ICC Termination Act of 1995
- Long title: To abolish the Interstate Commerce Commission, to amend subtitle IV of title 49, United States Code, to reform economic regulation of transportation, and for other purposes.
- Enacted by: the 104th United States Congress
- Effective: December 29, 1995

Citations
- Public law: Pub. L. 104–88 (text) (PDF)
- Statutes at Large: 109 Stat. 183

Codification
- Titles amended: 49 U.S.C.: Transportation

Legislative history
- Introduced in the House by Bud Shuster (R‑PA 9th) on October 26, 1995; Committee consideration by House Transportation and Infrastructure; Passed the House on November 14, 1995 (417-8); Passed the Senate on November 28, 1995 (voice vote); Reported by the joint conference committee on December 18, 1995; agreed to by the Senate on December 21, 1995 (voice vote) and by the House on December 22, 1995 (without objection); Signed into law by President Bill Clinton on December 29, 1995;

= ICC Termination Act of 1995 =

The ICC Termination Act of 1995 is a United States federal law enacted in 1995 that abolished the Interstate Commerce Commission and simultaneously created its successor agency, the Surface Transportation Board.
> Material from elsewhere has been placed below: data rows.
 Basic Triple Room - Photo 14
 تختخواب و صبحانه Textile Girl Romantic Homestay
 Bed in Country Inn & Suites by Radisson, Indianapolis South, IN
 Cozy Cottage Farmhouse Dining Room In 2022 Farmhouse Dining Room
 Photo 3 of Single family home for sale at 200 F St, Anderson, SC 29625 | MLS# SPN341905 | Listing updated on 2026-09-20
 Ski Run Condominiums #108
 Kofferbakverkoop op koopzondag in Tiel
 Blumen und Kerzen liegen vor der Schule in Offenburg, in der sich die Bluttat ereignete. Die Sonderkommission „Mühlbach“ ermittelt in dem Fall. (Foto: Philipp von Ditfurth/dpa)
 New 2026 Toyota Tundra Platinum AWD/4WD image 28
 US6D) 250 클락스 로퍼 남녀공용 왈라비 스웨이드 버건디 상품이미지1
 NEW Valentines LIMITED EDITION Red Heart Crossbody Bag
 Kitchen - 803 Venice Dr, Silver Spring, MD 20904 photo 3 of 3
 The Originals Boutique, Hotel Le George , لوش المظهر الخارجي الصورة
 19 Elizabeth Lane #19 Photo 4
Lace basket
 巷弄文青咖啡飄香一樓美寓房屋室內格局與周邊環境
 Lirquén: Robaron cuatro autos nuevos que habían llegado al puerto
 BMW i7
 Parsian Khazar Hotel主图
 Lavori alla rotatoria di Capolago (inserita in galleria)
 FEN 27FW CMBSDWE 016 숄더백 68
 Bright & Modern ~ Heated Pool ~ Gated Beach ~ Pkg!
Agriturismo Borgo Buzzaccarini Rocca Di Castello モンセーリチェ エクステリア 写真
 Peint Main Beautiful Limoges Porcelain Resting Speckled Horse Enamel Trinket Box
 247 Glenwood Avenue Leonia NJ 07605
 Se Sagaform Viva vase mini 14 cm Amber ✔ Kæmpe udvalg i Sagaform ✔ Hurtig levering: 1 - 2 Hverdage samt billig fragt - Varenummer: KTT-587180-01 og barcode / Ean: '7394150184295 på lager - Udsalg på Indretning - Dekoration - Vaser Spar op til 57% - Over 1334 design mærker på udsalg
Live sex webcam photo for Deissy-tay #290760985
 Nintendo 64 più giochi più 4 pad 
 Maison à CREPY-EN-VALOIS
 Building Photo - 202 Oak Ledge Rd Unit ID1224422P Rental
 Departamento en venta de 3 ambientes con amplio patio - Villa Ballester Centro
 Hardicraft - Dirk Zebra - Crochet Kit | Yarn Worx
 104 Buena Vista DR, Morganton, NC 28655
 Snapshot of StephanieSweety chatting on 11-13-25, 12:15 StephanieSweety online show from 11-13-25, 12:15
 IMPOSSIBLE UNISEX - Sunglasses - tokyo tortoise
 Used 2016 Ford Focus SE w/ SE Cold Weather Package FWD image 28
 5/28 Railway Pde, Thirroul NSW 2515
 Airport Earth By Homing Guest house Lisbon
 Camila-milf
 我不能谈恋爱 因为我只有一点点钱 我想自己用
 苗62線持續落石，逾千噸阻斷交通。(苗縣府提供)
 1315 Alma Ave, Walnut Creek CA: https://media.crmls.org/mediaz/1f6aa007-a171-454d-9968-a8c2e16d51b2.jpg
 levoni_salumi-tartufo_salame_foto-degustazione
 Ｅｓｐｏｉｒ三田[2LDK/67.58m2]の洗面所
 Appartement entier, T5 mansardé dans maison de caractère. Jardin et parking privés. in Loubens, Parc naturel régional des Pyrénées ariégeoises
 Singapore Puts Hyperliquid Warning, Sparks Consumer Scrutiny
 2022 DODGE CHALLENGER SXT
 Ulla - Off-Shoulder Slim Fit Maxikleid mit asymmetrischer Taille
On December 1, 2020, Oklahoma City federal judge Charles B. Goodwin referred to this Act when he declared unconstitutional a 2019 State of Oklahoma law preventing trains from blocking streets for longer than 10 minutes; declaring, in part:
. . . a state or local government can address grade-level railroad crossing issues in a manner that does not run afoul of federal law . . . But a statute that tells railroad companies how long they may stop their trains — for whatever ends — intrudes on the territory reserved to the ICCTA.